- Work to be completed
Copy the listing in full and exactly, omitting its images.

- Provided data
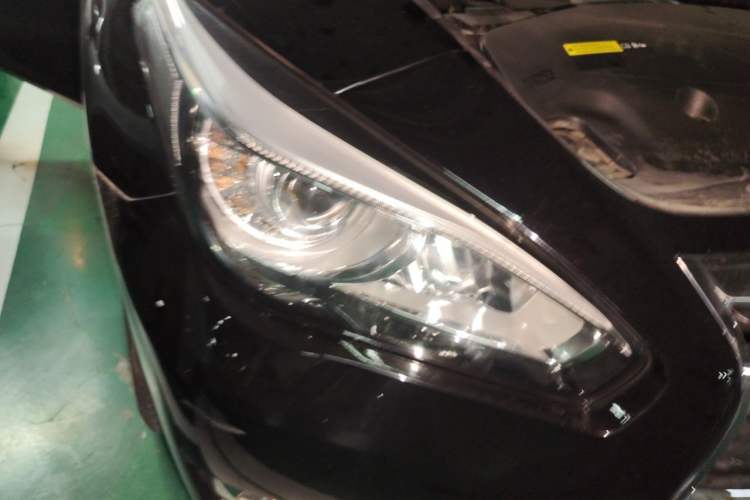 Used Infiniti Q70 2015 Q70L 2.5L Elite Edition Right Front Headlight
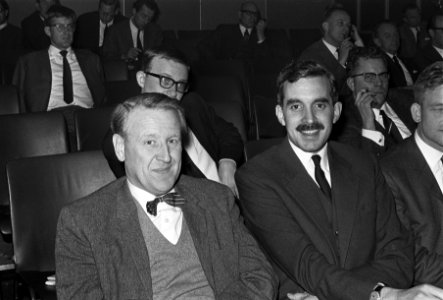 Prof. mr. G.C.J.J. van den Bergh (links) en mr. E.C.M. Jurgens (links Katholieke, Bestanddeelnr 919-7664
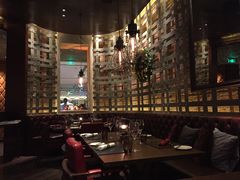 -恰餐厅及酒吧 CHAR Bar & Grill (北京丽都皇冠假日店)
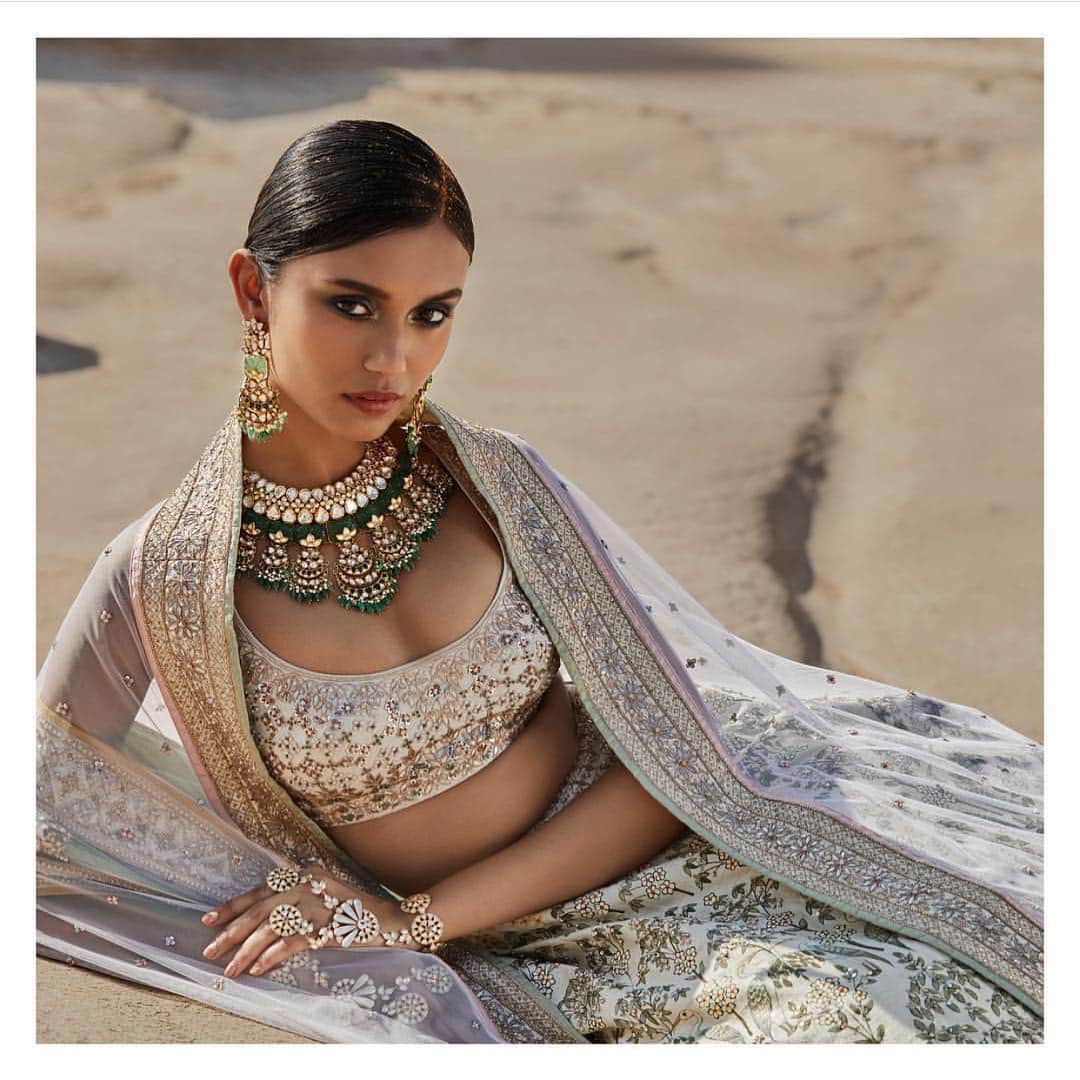 Indianstreetfashionさんのインスタグラム写真 - (IndianstreetfashionInstagram)「Its a beaut ♥️ .. a stunning creation from @anitadongrepinkcity .. #indianstreetfashion . . . . #indianfashion #stylefile #indianbride #bridalwear #weddings #bridalfashion #indianweddings #ethnic #traditional #potd #couture #designer #glamour  #photography #fashionphotography #ootd #bridalinspo #sangeet #mehendi . . .  #weddingblogger #fashionblogger #indianblogger #dubaiblogger #londonblogger #celebstyle」4月7日 13時55分 - indianstreetfashion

- Solution to the exercise
 Used Infiniti Q70 2015 Q70L 2.5L Elite Edition Right Front Headlight
 Prof. mr. G.C.J.J. van den Bergh (links) en mr. E.C.M. Jurgens (links Katholieke, Bestanddeelnr 919-7664
 -恰餐厅及酒吧 CHAR Bar & Grill (北京丽都皇冠假日店)
 Indianstreetfashionさんのインスタグラム写真 - (IndianstreetfashionInstagram)「Its a beaut ♥️ .. a stunning creation from @anitadongrepinkcity .. #indianstreetfashion . . . . #indianfashion #stylefile #indianbride #bridalwear #weddings #bridalfashion #indianweddings #ethnic #traditional #potd #couture #designer #glamour  #photography #fashionphotography #ootd #bridalinspo #sangeet #mehendi . . .  #weddingblogger #fashionblogger #indianblogger #dubaiblogger #londonblogger #celebstyle」4月7日 13時55分 - indianstreetfashion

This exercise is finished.